(Scraped caption text data)

★ ★ ★ ★ ★

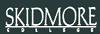 Skidmore College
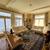 Historic Convenience with This Delightful 2bd /2ba Condo 4 thumbnail
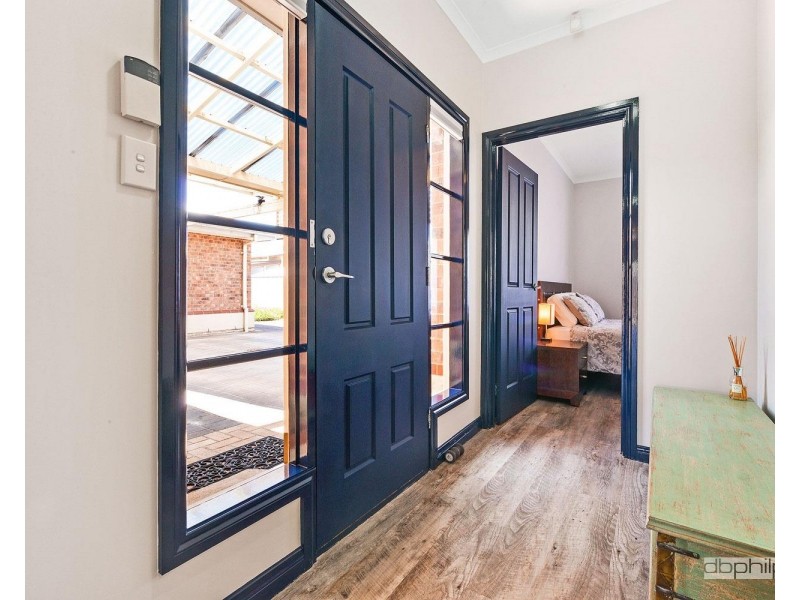 70 Marmion Avenue, Blair Athol SA 5084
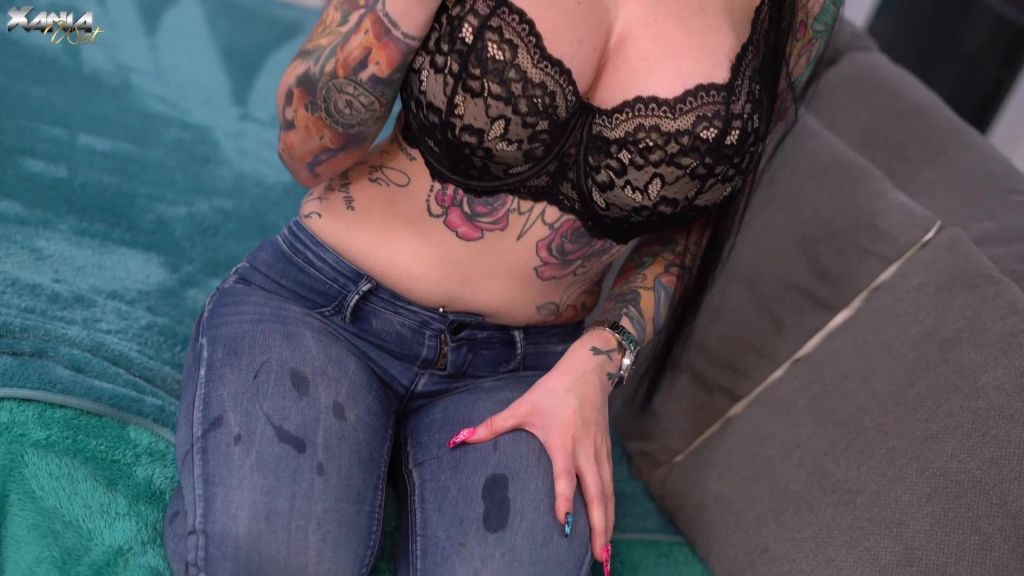 sexy foto nr. 8 von Meine Lieblingsjeans! Fetisch!
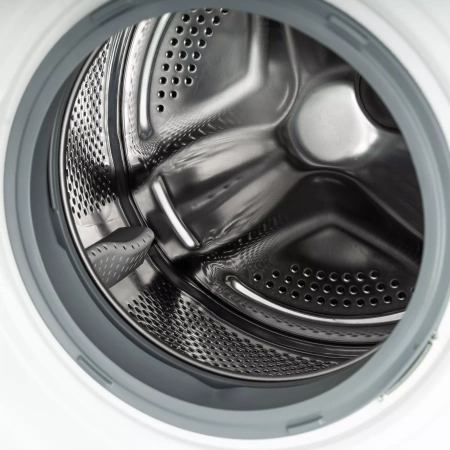 Встраиваемая стиральная машина DeLonghi DWMI 725 ISABELLA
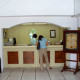 Diana-del-Bosque-Gallery/Lobby-01.jpg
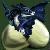 :icondragon-cutie:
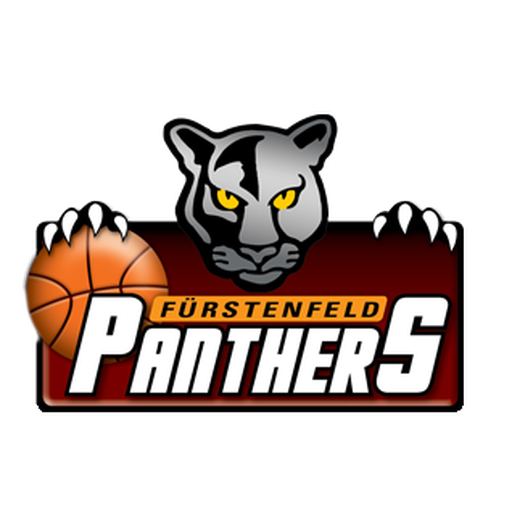 BSC Fürstenfeld Panthers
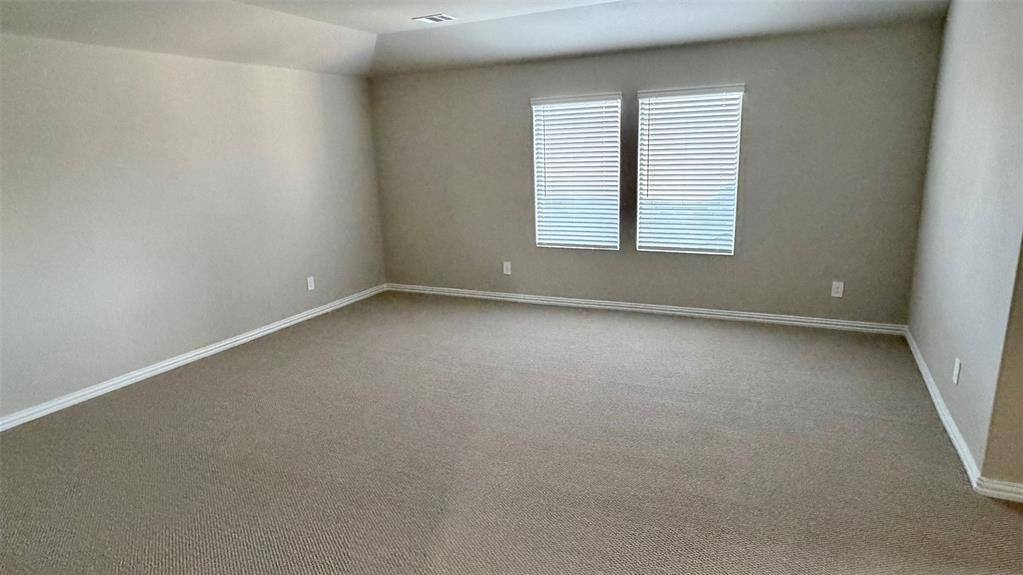 Apartment for rent at 600 Midnight Oak Dr #600, McKinney, TX 75069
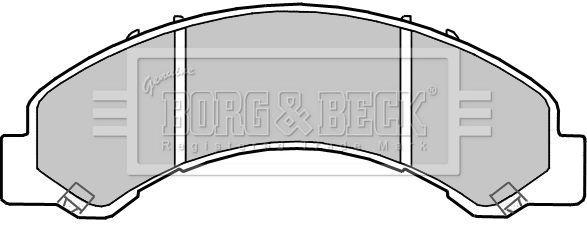 BBP2362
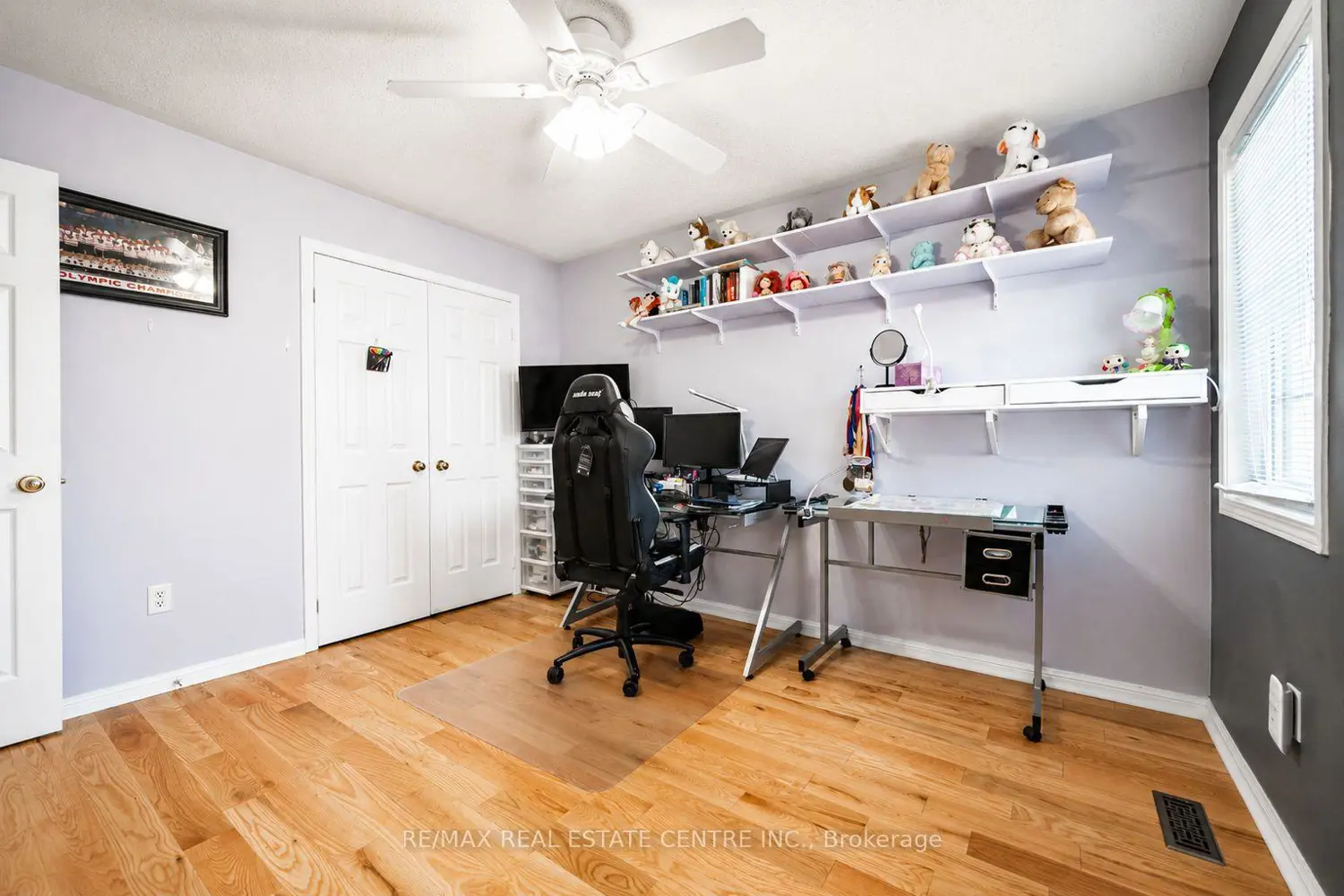 Additional image 11 of 3672 Swanson Drive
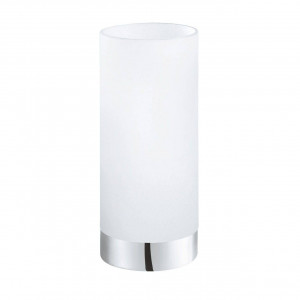 Настольная лампа Eglo Damasco 1 95776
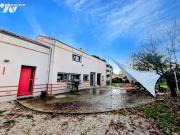 Maison 7 pièces 170 m²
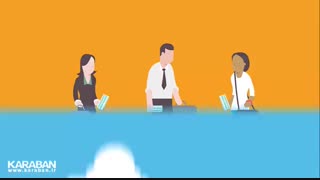 معرفی سیستم حضور و غیاب ولزوم تهیه آن برای مجموعه ها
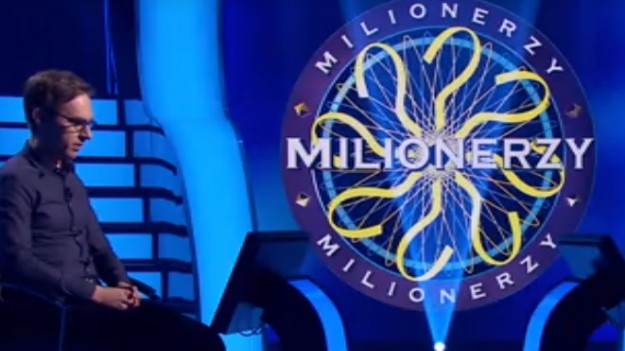 RMF Extra: Mamutowiec - co to? Co jest prawdą o mamutowcu? Odpowiedź za 40 tys. zł  [MILIONERZY]  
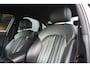 Audi A6 Limousine 3.0 TDI Quattro S-line Bose Camer ACC Leer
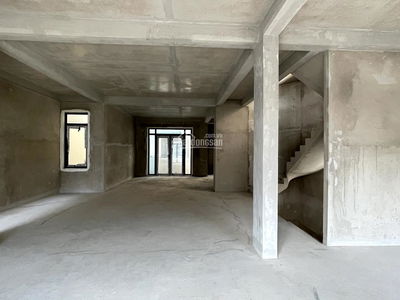 Vinhomes Golden River Ba Son, Vietnam Vinhomes Golden River Ba Son, Vietnam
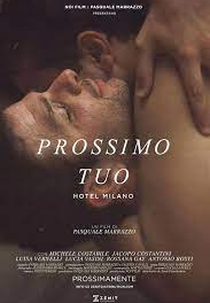 Hotel Milano (Hotel Milano)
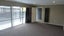 45B Enderley Avenue, Enderley, Hamilton - Carousel 5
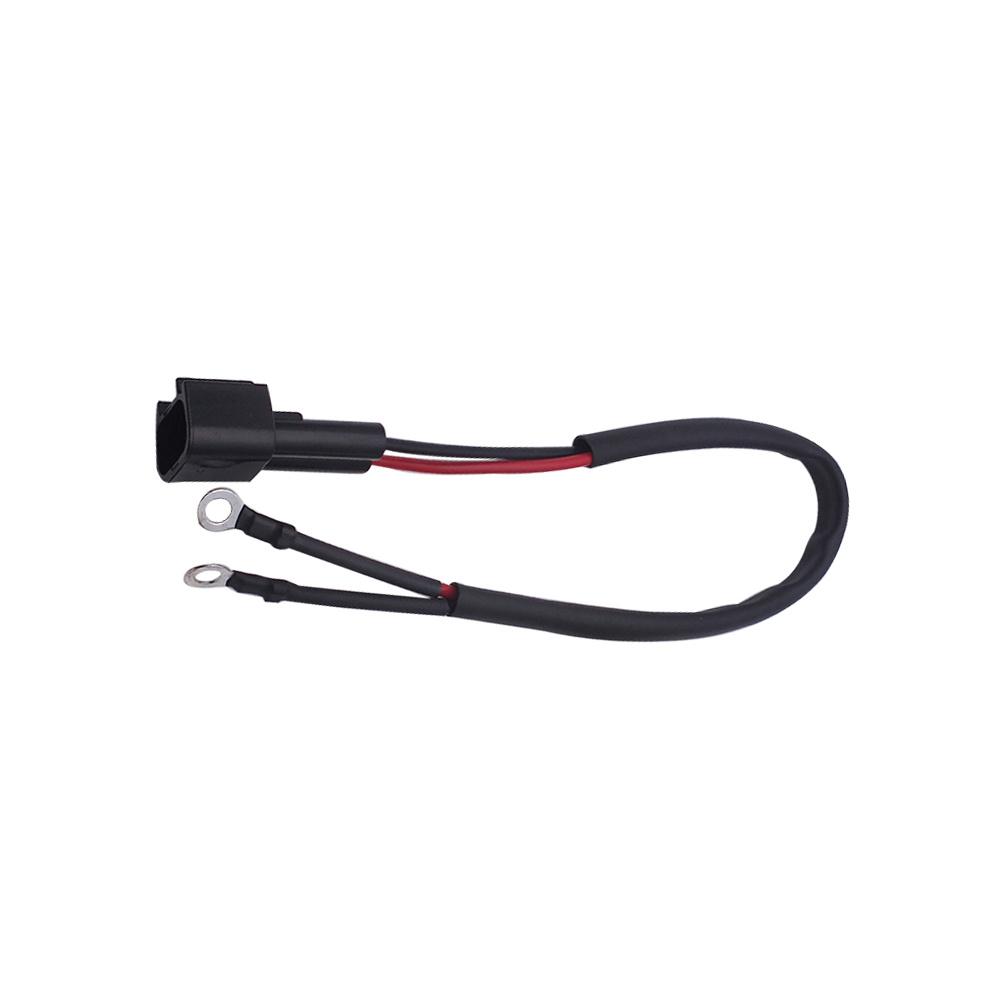 Fuel Pump For Yamaha 200hp-250hp Mercury 4-stocke Engine 02-10 #69J-24410-00-00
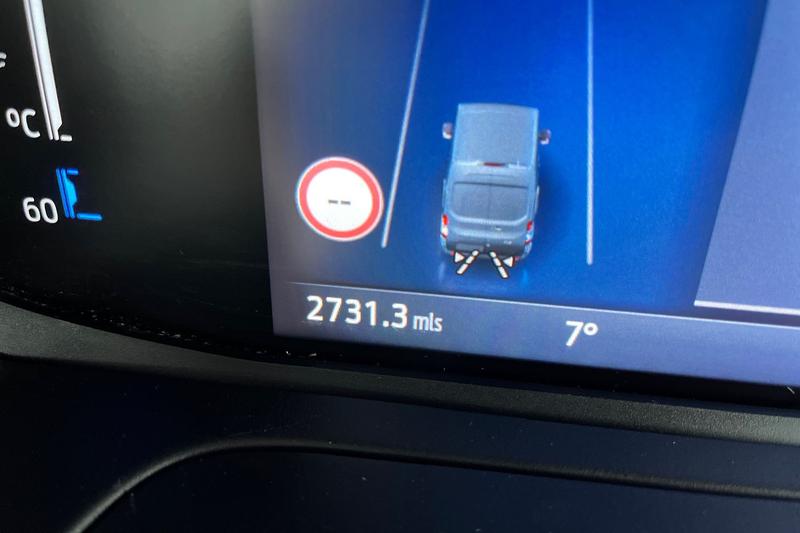 Used Ford Transit 2025 for sale - 76908726: Photo 37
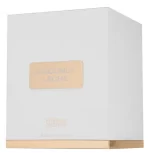 Apa de Parfum French Avenue Coconut Leche, Unisex, 80 ml - imagine 3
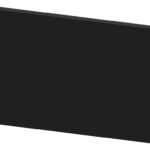 4772a85e85632b50fc21b90581071e1b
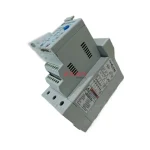 Allen Bradley 193-EC2EE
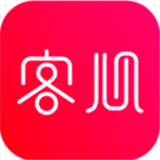 �����ֻ���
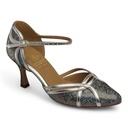 Modell 1542 Multi Hologram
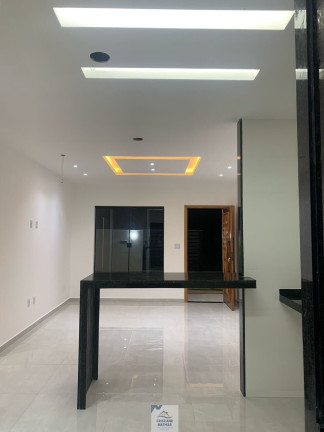 Imagem Casa com 2 Quartos à Venda, 82 m² em Jardim Atlântico Central (itaipuaçu) - Maricá Imagem Casa com 2 Quartos à Venda, 82 m² em Jardim Atlântico Central (itaipuaçu) - Maricá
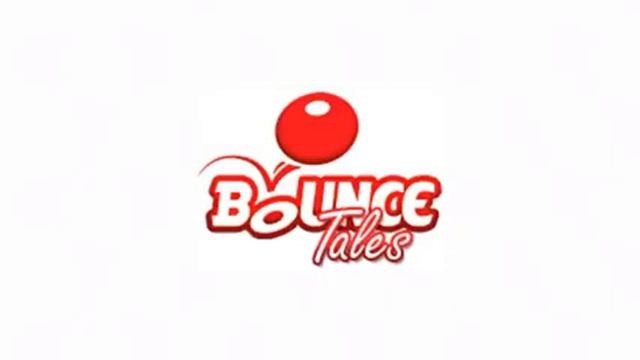 Bounce Tales Java Nivel Extra смотреть онлайн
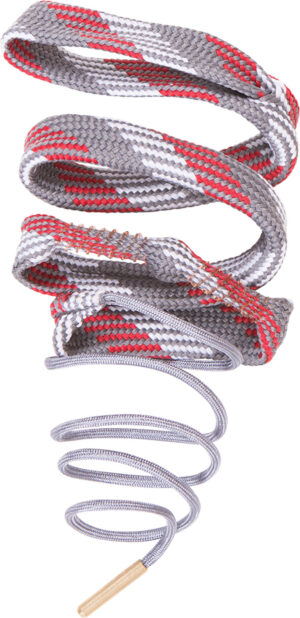 Bore-Nado 70582 Handgun Barrel Cleaning Rope  9mm/357 Cal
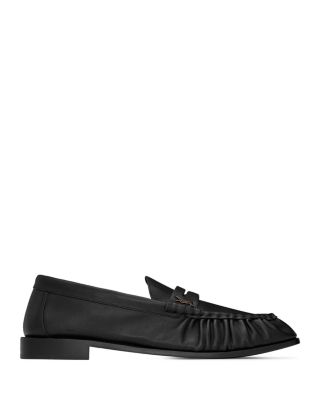Women's Le Loafer Penny Slippers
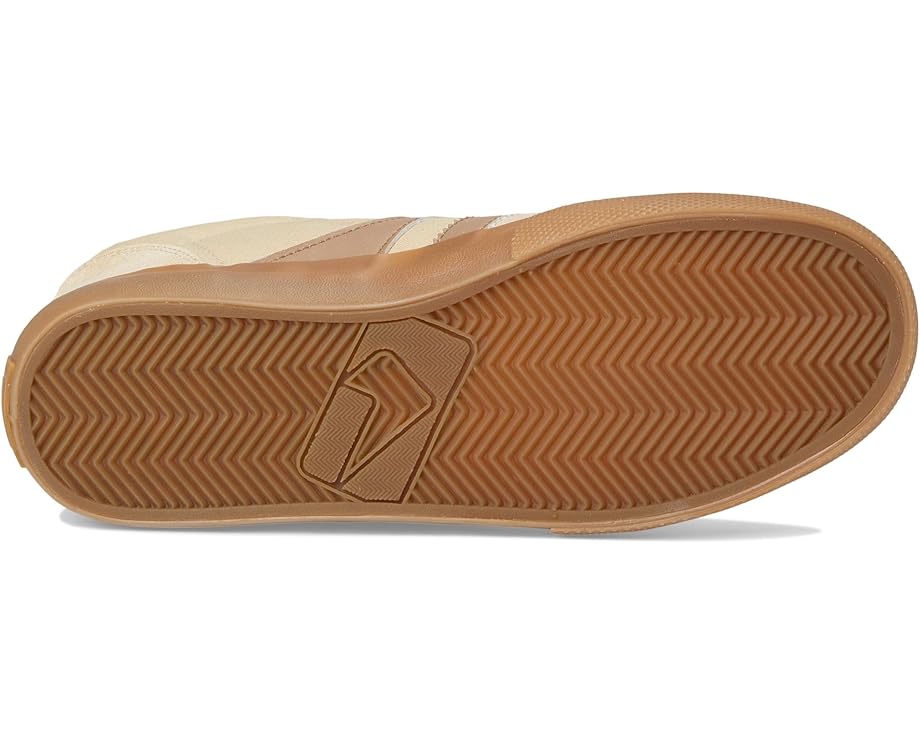 Globe Encore-2 Men's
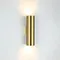 Бра Dario 3833/2WB Odeon Light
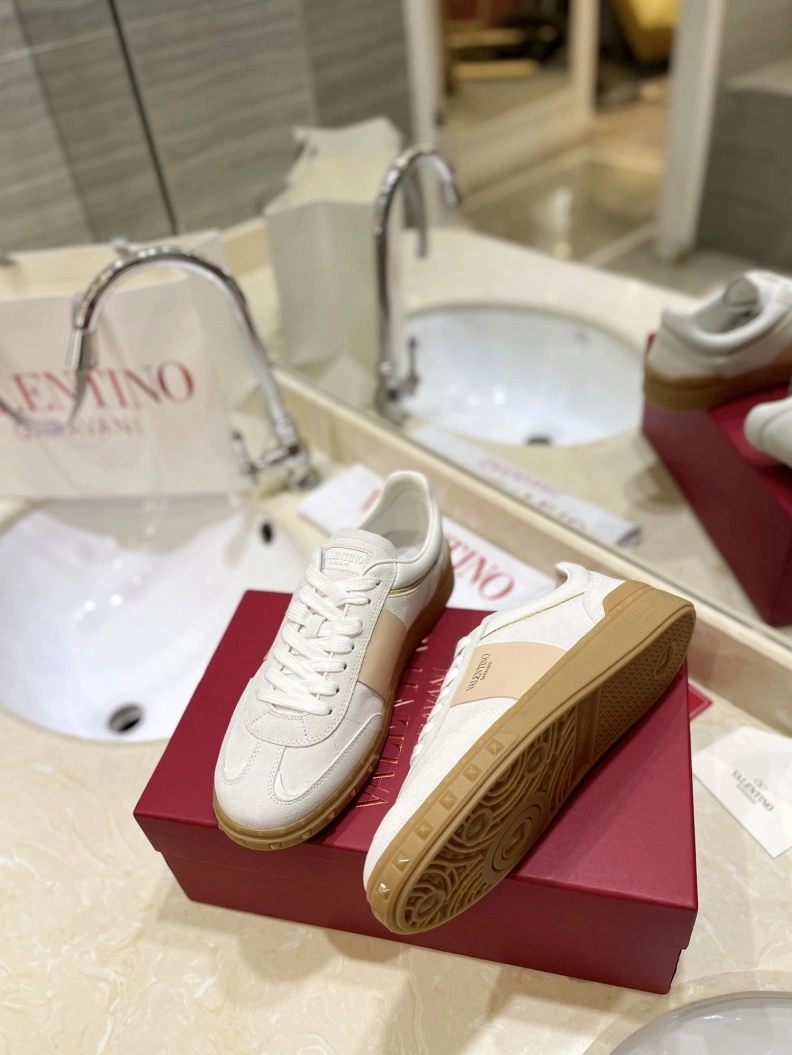 DailyWear Vxlxntino Casual Shoes 229904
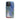 Iphone 15 Pro Max / Matte Amphitrite - Raoul Dufy Phone Case, Rises, Dufy’s Aqueous Carnival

★ ★ ★ ★ ★

Begin the copy at the line containing "Apa de Parfum" and end it at the last line of the records; transcribe exactly and exclude pictures.

 Apa de Parfum French Avenue Coconut Leche, Unisex, 80 ml - imagine 3
 4772a85e85632b50fc21b90581071e1b
 Allen Bradley 193-EC2EE
 �����ֻ���
 Modell 1542 Multi Hologram
 Imagem Casa com 2 Quartos à Venda, 82 m² em Jardim Atlântico Central (itaipuaçu) - Maricá Imagem Casa com 2 Quartos à Venda, 82 m² em Jardim Atlântico Central (itaipuaçu) - Maricá
 Bounce Tales Java Nivel Extra смотреть онлайн
 Bore-Nado 70582 Handgun Barrel Cleaning Rope  9mm/357 Cal
Women's Le Loafer Penny Slippers
 Globe Encore-2 Men's
 Бра Dario 3833/2WB Odeon Light
 DailyWear Vxlxntino Casual Shoes 229904
 Iphone 15 Pro Max / Matte Amphitrite - Raoul Dufy Phone Case, Rises, Dufy’s Aqueous Carnival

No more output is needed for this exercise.